====== SUPPLIED MATERIAL ======

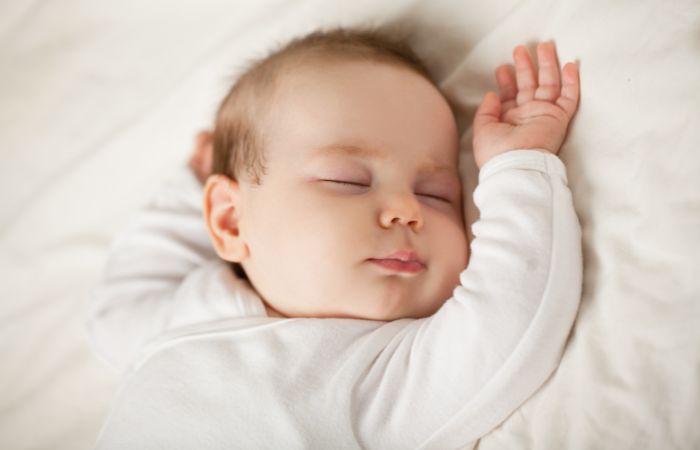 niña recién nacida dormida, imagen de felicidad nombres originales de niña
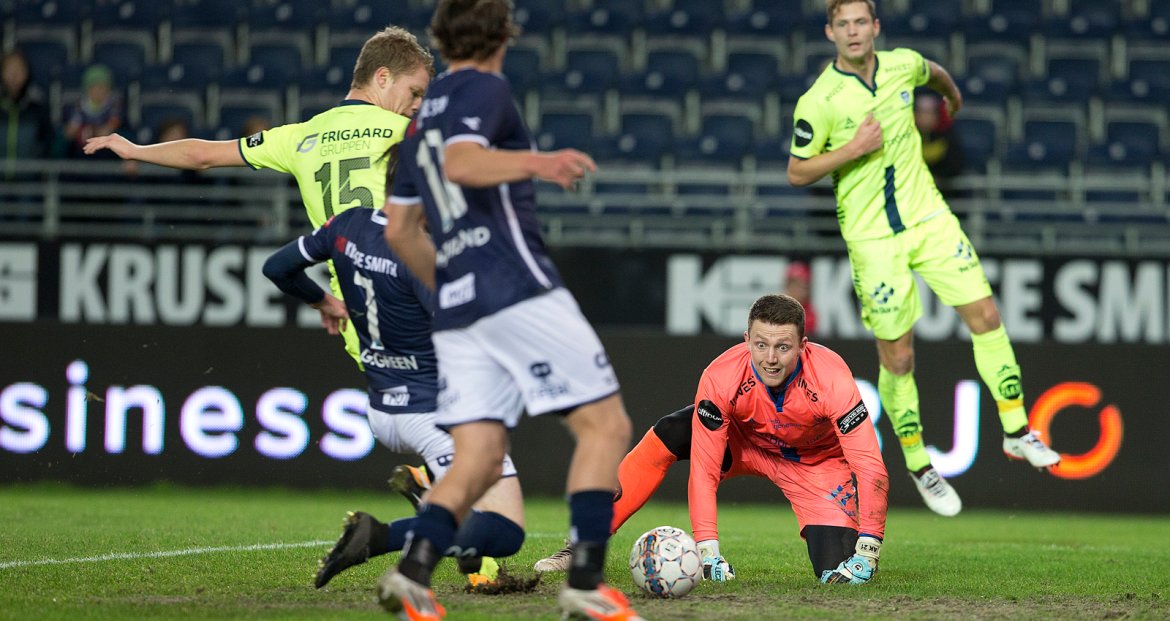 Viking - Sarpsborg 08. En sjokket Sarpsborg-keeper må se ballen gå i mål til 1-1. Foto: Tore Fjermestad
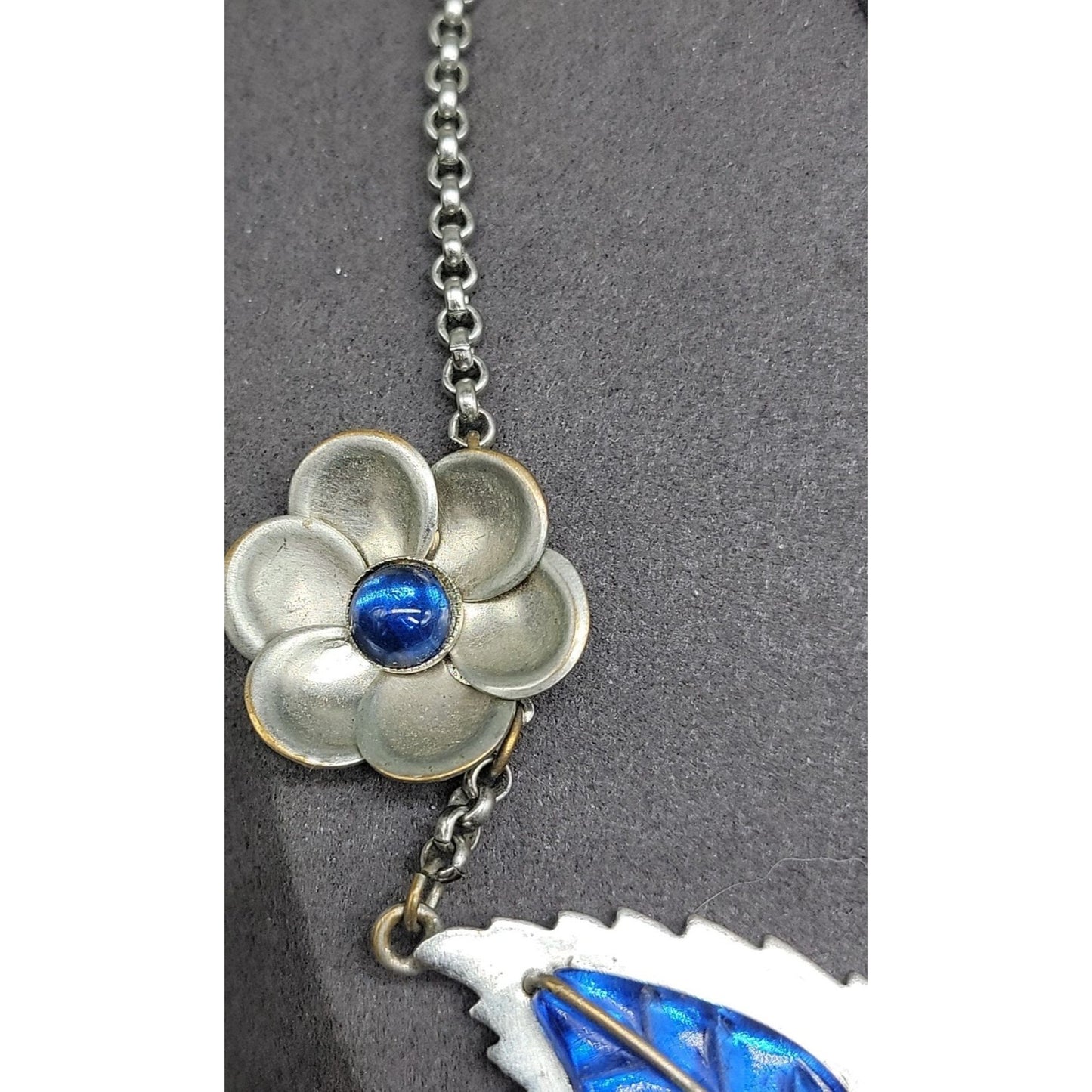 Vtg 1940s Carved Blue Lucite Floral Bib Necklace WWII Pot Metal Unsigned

======

Except for the pictures, return every line of the material exactly.

 niña recién nacida dormida, imagen de felicidad nombres originales de niña
 Viking - Sarpsborg 08. En sjokket Sarpsborg-keeper må se ballen gå i mål til 1-1. Foto: Tore Fjermestad
 Vtg 1940s Carved Blue Lucite Floral Bib Necklace WWII Pot Metal Unsigned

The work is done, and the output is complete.